ENTRIES SUPPLIED Block Start
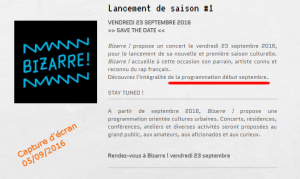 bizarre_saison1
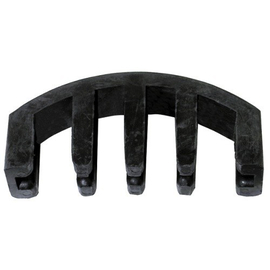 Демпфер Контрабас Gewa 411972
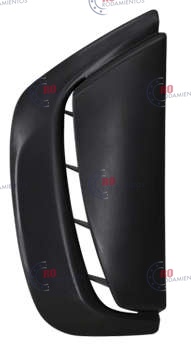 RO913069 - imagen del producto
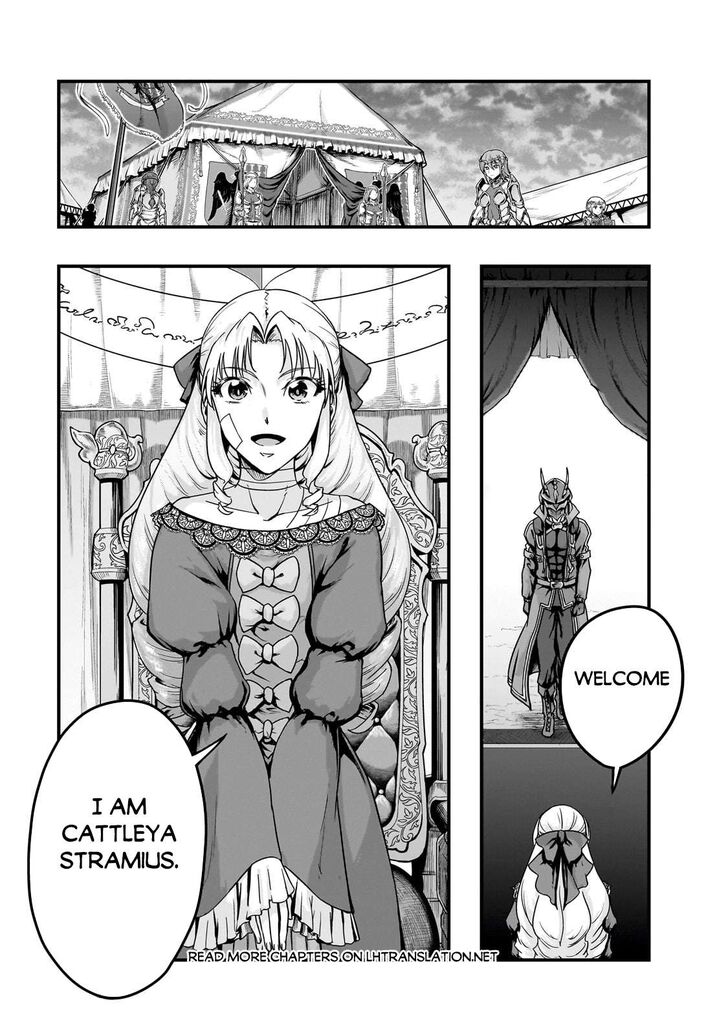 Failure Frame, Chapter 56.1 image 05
ENTRIES SUPPLIED Block End
ENTRIES SUPPLIED Block Start
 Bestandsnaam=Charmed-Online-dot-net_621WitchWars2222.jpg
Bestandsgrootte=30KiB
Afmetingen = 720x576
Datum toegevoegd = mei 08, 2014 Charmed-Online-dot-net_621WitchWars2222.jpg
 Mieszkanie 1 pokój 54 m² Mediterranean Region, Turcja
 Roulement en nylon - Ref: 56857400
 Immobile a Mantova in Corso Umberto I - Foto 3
ENTRIES SUPPLIED Block End
DIRECTIONS: Note which lines carry the word "Online" in the material, then copy each of them.

RESULT BELOW:
 Bestandsnaam=Charmed-Online-dot-net_621WitchWars2222.jpg
Datum toegevoegd = mei 08, 2014 Charmed-Online-dot-net_621WitchWars2222.jpg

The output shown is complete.